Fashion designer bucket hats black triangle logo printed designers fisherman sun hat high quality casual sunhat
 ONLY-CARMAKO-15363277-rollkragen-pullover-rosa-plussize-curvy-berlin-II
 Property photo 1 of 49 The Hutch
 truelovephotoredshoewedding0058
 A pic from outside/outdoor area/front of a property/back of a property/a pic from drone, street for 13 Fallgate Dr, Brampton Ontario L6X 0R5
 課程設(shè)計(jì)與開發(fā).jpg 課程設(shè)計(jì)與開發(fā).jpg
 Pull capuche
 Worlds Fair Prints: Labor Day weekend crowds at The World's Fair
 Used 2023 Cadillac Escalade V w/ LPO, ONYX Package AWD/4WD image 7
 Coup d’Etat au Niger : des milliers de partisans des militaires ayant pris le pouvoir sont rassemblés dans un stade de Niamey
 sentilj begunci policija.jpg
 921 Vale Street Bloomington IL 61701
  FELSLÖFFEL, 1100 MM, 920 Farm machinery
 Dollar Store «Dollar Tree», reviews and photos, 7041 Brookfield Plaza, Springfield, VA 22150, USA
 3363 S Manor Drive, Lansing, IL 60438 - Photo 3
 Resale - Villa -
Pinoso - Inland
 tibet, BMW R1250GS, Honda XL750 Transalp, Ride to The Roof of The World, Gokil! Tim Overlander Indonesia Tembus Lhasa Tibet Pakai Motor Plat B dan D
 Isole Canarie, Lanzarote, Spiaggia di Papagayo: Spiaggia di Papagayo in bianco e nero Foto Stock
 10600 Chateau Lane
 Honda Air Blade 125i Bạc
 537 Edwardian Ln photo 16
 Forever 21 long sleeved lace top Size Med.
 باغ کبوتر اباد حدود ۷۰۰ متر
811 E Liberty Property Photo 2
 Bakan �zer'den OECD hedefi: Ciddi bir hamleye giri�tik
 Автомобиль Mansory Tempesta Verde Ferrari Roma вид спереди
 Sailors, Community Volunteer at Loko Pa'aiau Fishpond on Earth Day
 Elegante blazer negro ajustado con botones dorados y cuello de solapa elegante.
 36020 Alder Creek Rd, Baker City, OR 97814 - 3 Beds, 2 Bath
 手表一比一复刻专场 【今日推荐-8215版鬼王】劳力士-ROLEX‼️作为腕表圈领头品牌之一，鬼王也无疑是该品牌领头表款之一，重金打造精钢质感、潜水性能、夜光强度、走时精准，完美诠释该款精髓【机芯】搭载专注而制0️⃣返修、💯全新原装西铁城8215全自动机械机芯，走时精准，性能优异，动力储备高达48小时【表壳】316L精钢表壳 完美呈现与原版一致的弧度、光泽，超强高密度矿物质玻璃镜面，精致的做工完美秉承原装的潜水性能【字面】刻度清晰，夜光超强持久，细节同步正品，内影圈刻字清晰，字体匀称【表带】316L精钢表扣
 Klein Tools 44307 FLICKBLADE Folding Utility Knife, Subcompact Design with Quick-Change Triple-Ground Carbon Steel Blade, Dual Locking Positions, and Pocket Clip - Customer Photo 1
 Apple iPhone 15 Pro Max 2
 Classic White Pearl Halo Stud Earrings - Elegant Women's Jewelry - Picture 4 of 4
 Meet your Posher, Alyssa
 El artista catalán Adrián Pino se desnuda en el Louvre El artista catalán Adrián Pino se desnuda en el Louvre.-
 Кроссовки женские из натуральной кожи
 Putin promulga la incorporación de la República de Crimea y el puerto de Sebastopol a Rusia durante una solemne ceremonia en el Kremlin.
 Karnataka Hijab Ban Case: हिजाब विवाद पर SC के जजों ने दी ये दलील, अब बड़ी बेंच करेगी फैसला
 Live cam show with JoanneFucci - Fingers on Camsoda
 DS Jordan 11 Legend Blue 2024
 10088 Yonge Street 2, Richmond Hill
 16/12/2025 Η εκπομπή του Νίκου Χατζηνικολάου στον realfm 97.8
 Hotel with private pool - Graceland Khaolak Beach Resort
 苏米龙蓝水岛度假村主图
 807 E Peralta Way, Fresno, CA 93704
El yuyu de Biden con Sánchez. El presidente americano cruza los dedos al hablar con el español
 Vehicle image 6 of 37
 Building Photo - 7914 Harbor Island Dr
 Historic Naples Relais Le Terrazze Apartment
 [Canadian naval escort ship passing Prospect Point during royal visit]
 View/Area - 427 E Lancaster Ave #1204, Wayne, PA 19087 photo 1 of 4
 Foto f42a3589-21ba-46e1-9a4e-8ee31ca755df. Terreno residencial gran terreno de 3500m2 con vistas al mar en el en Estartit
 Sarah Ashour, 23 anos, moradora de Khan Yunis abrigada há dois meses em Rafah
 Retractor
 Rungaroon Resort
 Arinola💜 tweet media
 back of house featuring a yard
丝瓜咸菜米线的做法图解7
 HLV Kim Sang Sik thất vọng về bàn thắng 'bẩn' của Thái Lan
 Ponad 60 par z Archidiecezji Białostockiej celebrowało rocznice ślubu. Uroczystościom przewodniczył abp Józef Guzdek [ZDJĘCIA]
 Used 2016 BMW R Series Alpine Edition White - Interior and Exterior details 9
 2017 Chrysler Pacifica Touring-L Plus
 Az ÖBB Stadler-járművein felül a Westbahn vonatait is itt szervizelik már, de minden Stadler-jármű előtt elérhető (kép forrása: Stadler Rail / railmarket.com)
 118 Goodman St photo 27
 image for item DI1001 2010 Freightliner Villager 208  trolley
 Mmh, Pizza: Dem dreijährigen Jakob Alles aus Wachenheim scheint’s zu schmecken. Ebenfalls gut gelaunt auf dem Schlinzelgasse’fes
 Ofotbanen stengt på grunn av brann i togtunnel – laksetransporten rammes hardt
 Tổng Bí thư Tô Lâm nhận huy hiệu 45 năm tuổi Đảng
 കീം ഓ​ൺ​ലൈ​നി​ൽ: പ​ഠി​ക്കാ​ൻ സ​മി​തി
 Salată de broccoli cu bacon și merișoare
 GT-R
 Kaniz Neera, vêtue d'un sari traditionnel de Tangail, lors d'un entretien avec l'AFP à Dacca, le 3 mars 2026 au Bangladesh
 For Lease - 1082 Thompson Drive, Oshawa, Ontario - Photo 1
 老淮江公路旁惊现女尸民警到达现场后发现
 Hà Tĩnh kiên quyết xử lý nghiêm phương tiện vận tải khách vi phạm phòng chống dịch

Exercise aim – Write the data out again in full and exactly.

Written answer –
Fashion designer bucket hats black triangle logo printed designers fisherman sun hat high quality casual sunhat
 ONLY-CARMAKO-15363277-rollkragen-pullover-rosa-plussize-curvy-berlin-II
 Property photo 1 of 49 The Hutch
 truelovephotoredshoewedding0058
 A pic from outside/outdoor area/front of a property/back of a property/a pic from drone, street for 13 Fallgate Dr, Brampton Ontario L6X 0R5
 課程設(shè)計(jì)與開發(fā).jpg 課程設(shè)計(jì)與開發(fā).jpg
 Pull capuche
 Worlds Fair Prints: Labor Day weekend crowds at The World's Fair
 Used 2023 Cadillac Escalade V w/ LPO, ONYX Package AWD/4WD image 7
 Coup d’Etat au Niger : des milliers de partisans des militaires ayant pris le pouvoir sont rassemblés dans un stade de Niamey
 sentilj begunci policija.jpg
 921 Vale Street Bloomington IL 61701
  FELSLÖFFEL, 1100 MM, 920 Farm machinery
 Dollar Store «Dollar Tree», reviews and photos, 7041 Brookfield Plaza, Springfield, VA 22150, USA
 3363 S Manor Drive, Lansing, IL 60438 - Photo 3
 Resale - Villa -
Pinoso - Inland
 tibet, BMW R1250GS, Honda XL750 Transalp, Ride to The Roof of The World, Gokil! Tim Overlander Indonesia Tembus Lhasa Tibet Pakai Motor Plat B dan D
 Isole Canarie, Lanzarote, Spiaggia di Papagayo: Spiaggia di Papagayo in bianco e nero Foto Stock
 10600 Chateau Lane
 Honda Air Blade 125i Bạc
 537 Edwardian Ln photo 16
 Forever 21 long sleeved lace top Size Med.
 باغ کبوتر اباد حدود ۷۰۰ متر
811 E Liberty Property Photo 2
 Bakan �zer'den OECD hedefi: Ciddi bir hamleye giri�tik
 Автомобиль Mansory Tempesta Verde Ferrari Roma вид спереди
 Sailors, Community Volunteer at Loko Pa'aiau Fishpond on Earth Day
 Elegante blazer negro ajustado con botones dorados y cuello de solapa elegante.
 36020 Alder Creek Rd, Baker City, OR 97814 - 3 Beds, 2 Bath
 手表一比一复刻专场 【今日推荐-8215版鬼王】劳力士-ROLEX‼️作为腕表圈领头品牌之一，鬼王也无疑是该品牌领头表款之一，重金打造精钢质感、潜水性能、夜光强度、走时精准，完美诠释该款精髓【机芯】搭载专注而制0️⃣返修、💯全新原装西铁城8215全自动机械机芯，走时精准，性能优异，动力储备高达48小时【表壳】316L精钢表壳 完美呈现与原版一致的弧度、光泽，超强高密度矿物质玻璃镜面，精致的做工完美秉承原装的潜水性能【字面】刻度清晰，夜光超强持久，细节同步正品，内影圈刻字清晰，字体匀称【表带】316L精钢表扣
 Klein Tools 44307 FLICKBLADE Folding Utility Knife, Subcompact Design with Quick-Change Triple-Ground Carbon Steel Blade, Dual Locking Positions, and Pocket Clip - Customer Photo 1
 Apple iPhone 15 Pro Max 2
 Classic White Pearl Halo Stud Earrings - Elegant Women's Jewelry - Picture 4 of 4
 Meet your Posher, Alyssa
 El artista catalán Adrián Pino se desnuda en el Louvre El artista catalán Adrián Pino se desnuda en el Louvre.-
 Кроссовки женские из натуральной кожи
 Putin promulga la incorporación de la República de Crimea y el puerto de Sebastopol a Rusia durante una solemne ceremonia en el Kremlin.
 Karnataka Hijab Ban Case: हिजाब विवाद पर SC के जजों ने दी ये दलील, अब बड़ी बेंच करेगी फैसला
 Live cam show with JoanneFucci - Fingers on Camsoda
 DS Jordan 11 Legend Blue 2024
 10088 Yonge Street 2, Richmond Hill
 16/12/2025 Η εκπομπή του Νίκου Χατζηνικολάου στον realfm 97.8
 Hotel with private pool - Graceland Khaolak Beach Resort
 苏米龙蓝水岛度假村主图
 807 E Peralta Way, Fresno, CA 93704
El yuyu de Biden con Sánchez. El presidente americano cruza los dedos al hablar con el español
 Vehicle image 6 of 37
 Building Photo - 7914 Harbor Island Dr
 Historic Naples Relais Le Terrazze Apartment
 [Canadian naval escort ship passing Prospect Point during royal visit]
 View/Area - 427 E Lancaster Ave #1204, Wayne, PA 19087 photo 1 of 4
 Foto f42a3589-21ba-46e1-9a4e-8ee31ca755df. Terreno residencial gran terreno de 3500m2 con vistas al mar en el en Estartit
 Sarah Ashour, 23 anos, moradora de Khan Yunis abrigada há dois meses em Rafah
 Retractor
 Rungaroon Resort
 Arinola💜 tweet media
 back of house featuring a yard
丝瓜咸菜米线的做法图解7
 HLV Kim Sang Sik thất vọng về bàn thắng 'bẩn' của Thái Lan
 Ponad 60 par z Archidiecezji Białostockiej celebrowało rocznice ślubu. Uroczystościom przewodniczył abp Józef Guzdek [ZDJĘCIA]
 Used 2016 BMW R Series Alpine Edition White - Interior and Exterior details 9
 2017 Chrysler Pacifica Touring-L Plus
 Az ÖBB Stadler-járművein felül a Westbahn vonatait is itt szervizelik már, de minden Stadler-jármű előtt elérhető (kép forrása: Stadler Rail / railmarket.com)
 118 Goodman St photo 27
 image for item DI1001 2010 Freightliner Villager 208  trolley
 Mmh, Pizza: Dem dreijährigen Jakob Alles aus Wachenheim scheint’s zu schmecken. Ebenfalls gut gelaunt auf dem Schlinzelgasse’fes
 Ofotbanen stengt på grunn av brann i togtunnel – laksetransporten rammes hardt
 Tổng Bí thư Tô Lâm nhận huy hiệu 45 năm tuổi Đảng
 കീം ഓ​ൺ​ലൈ​നി​ൽ: പ​ഠി​ക്കാ​ൻ സ​മി​തി
 Salată de broccoli cu bacon și merișoare
 GT-R
 Kaniz Neera, vêtue d'un sari traditionnel de Tangail, lors d'un entretien avec l'AFP à Dacca, le 3 mars 2026 au Bangladesh
 For Lease - 1082 Thompson Drive, Oshawa, Ontario - Photo 1
 老淮江公路旁惊现女尸民警到达现场后发现
 Hà Tĩnh kiên quyết xử lý nghiêm phương tiện vận tải khách vi phạm phòng chống dịch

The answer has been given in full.